▶ EXERCISE REQUIREMENTS: The reply needs the lines from the one containing "HAOLOTA Night Vision" through the end of the material, each repeated exactly, and no pictures.

▶ RECORDED DATA:
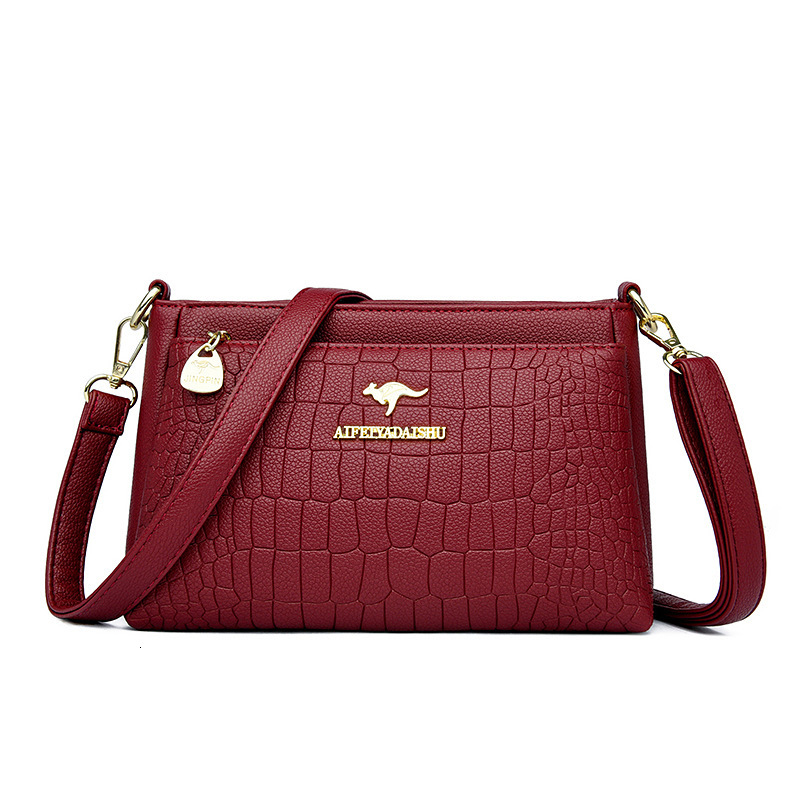 2025 New Outdoor Style Luxury Free Delivery Designer Bag Ladies' Fashionable Versatile Hand-held Middle-aged Mother Bag Simple Single Shoulder Cr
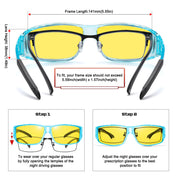 HAOLOTA Night Vision Driving Over Glasses, Nighttime Glasses Men Women Anti Glare NV0311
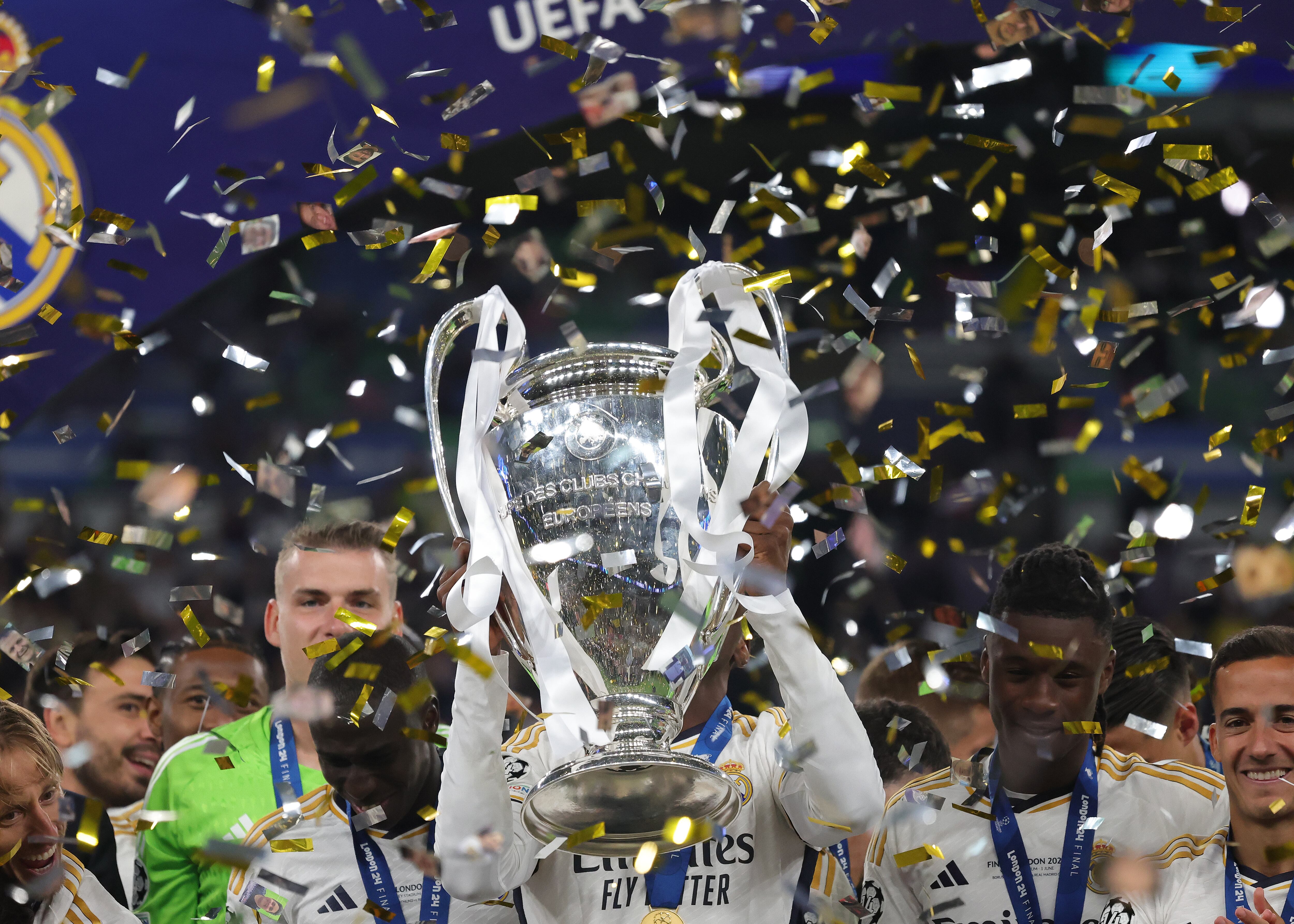 En la última edición de la UEFA Champions League, el trofeo quedó en manos de Real Madrid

▶ OUTPUT FOR THIS EXERCISE:
 HAOLOTA Night Vision Driving Over Glasses, Nighttime Glasses Men Women Anti Glare NV0311
 En la última edición de la UEFA Champions League, el trofeo quedó en manos de Real Madrid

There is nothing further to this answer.